What is needed here is an exact repetition of the records below, beginning at the line that has "Tablier Snowman" and stopping after the line that has "Stay Staff screenshot 4".

__Dataset records__
>>

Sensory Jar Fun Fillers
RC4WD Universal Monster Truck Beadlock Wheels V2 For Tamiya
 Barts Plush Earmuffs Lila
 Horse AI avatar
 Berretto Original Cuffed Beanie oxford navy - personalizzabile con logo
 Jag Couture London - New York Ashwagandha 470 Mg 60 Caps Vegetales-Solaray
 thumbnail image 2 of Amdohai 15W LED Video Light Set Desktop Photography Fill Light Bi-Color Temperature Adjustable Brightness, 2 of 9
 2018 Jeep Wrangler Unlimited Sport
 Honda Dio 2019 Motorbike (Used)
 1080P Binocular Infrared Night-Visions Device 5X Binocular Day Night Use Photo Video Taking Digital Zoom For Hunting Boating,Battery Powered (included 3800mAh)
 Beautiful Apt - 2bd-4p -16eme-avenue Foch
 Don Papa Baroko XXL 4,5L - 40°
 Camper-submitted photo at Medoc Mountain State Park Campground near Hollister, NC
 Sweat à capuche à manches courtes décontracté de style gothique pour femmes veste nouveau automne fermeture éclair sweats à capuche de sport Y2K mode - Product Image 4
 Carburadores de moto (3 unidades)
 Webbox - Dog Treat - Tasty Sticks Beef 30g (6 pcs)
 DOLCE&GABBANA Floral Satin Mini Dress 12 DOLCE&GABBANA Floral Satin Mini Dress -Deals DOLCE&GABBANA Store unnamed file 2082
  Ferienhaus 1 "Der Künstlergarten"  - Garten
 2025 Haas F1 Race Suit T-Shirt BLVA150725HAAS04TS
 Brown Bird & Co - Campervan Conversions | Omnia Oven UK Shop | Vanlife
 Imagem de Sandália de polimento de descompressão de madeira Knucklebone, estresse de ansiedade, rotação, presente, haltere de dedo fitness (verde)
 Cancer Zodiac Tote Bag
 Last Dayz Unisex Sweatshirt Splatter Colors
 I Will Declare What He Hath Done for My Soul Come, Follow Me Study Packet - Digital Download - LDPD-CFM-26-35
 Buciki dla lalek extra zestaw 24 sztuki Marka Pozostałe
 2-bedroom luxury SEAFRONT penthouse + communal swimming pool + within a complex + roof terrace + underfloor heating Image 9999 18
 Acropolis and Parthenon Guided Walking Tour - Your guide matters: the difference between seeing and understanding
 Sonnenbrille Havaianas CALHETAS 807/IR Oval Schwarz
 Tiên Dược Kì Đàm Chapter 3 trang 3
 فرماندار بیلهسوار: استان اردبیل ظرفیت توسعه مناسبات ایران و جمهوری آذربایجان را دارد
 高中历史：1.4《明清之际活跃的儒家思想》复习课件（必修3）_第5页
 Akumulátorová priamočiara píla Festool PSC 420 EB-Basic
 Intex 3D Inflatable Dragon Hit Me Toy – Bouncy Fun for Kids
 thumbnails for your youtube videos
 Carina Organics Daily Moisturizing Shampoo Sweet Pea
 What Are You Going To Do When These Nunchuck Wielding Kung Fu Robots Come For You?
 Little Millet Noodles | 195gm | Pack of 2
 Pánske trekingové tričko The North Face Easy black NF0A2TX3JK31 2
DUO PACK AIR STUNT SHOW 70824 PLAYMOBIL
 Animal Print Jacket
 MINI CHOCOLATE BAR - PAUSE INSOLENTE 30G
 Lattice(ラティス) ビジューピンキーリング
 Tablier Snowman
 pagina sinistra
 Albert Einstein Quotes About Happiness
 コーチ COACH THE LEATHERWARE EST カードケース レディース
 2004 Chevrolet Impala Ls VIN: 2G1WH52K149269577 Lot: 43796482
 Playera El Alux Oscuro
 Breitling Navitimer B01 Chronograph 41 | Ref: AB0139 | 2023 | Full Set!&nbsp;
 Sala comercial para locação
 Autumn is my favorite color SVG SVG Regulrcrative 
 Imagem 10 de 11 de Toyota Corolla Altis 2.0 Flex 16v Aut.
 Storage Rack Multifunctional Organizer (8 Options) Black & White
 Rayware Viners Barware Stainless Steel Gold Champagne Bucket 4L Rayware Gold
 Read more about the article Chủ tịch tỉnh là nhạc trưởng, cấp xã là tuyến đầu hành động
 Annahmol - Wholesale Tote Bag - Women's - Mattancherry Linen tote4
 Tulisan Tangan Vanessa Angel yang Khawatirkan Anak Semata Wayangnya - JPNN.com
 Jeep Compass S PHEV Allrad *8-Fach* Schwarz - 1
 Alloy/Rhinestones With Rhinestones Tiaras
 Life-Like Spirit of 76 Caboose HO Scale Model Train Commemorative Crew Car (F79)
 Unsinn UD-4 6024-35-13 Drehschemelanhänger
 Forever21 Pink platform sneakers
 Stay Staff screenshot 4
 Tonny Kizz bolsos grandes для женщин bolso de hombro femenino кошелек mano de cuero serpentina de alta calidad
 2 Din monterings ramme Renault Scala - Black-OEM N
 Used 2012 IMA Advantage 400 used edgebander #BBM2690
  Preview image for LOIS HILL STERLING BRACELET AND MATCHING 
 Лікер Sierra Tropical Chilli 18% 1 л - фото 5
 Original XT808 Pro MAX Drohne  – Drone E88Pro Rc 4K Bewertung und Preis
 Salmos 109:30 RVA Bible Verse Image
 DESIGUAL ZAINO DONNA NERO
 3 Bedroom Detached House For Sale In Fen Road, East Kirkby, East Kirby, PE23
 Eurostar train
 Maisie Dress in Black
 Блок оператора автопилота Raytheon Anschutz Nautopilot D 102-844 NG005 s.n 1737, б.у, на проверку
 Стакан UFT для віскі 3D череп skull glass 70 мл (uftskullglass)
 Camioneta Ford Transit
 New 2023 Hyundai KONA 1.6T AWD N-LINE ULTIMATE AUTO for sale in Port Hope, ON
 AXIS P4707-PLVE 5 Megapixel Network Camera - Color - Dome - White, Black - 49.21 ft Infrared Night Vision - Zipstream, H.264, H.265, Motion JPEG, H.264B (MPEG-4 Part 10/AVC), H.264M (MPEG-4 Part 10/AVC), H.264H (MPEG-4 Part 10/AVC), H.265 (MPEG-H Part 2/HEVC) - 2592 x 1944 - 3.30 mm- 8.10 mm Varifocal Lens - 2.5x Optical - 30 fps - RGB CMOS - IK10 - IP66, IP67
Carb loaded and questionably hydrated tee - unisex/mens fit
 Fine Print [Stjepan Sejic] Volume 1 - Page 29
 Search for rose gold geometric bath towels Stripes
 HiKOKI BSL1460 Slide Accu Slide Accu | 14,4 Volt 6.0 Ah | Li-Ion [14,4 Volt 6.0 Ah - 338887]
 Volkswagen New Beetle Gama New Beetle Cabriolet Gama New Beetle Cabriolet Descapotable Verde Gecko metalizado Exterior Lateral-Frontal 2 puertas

<<

__Written reply__
 Tablier Snowman
 pagina sinistra
 Albert Einstein Quotes About Happiness
 コーチ COACH THE LEATHERWARE EST カードケース レディース
 2004 Chevrolet Impala Ls VIN: 2G1WH52K149269577 Lot: 43796482
 Playera El Alux Oscuro
 Breitling Navitimer B01 Chronograph 41 | Ref: AB0139 | 2023 | Full Set!&nbsp;
 Sala comercial para locação
 Autumn is my favorite color SVG SVG Regulrcrative 
 Imagem 10 de 11 de Toyota Corolla Altis 2.0 Flex 16v Aut.
 Storage Rack Multifunctional Organizer (8 Options) Black & White
 Rayware Viners Barware Stainless Steel Gold Champagne Bucket 4L Rayware Gold
 Read more about the article Chủ tịch tỉnh là nhạc trưởng, cấp xã là tuyến đầu hành động
 Annahmol - Wholesale Tote Bag - Women's - Mattancherry Linen tote4
 Tulisan Tangan Vanessa Angel yang Khawatirkan Anak Semata Wayangnya - JPNN.com
 Jeep Compass S PHEV Allrad *8-Fach* Schwarz - 1
 Alloy/Rhinestones With Rhinestones Tiaras
 Life-Like Spirit of 76 Caboose HO Scale Model Train Commemorative Crew Car (F79)
 Unsinn UD-4 6024-35-13 Drehschemelanhänger
 Forever21 Pink platform sneakers
 Stay Staff screenshot 4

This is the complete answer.